Work task: Lines before the one containing "Qu'est-ce que le" are not wanted; restate the rest below word for word, through the last line, but drop any pictures.

Collected material:
== Segment start ==

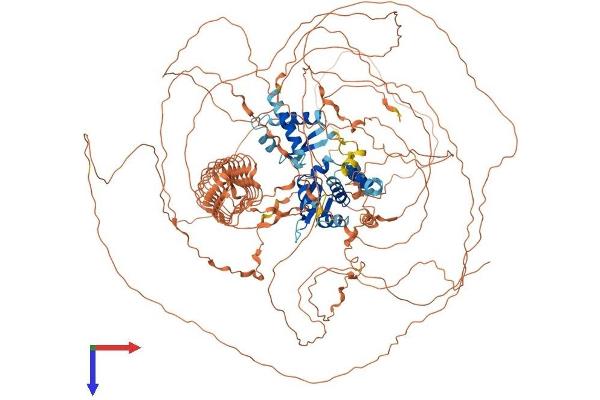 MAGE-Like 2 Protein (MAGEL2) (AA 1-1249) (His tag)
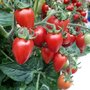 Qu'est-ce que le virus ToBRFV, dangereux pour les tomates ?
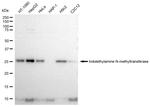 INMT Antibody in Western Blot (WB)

== Segment end ==

Result of this exercise:
 Qu'est-ce que le virus ToBRFV, dangereux pour les tomates ?
 INMT Antibody in Western Blot (WB)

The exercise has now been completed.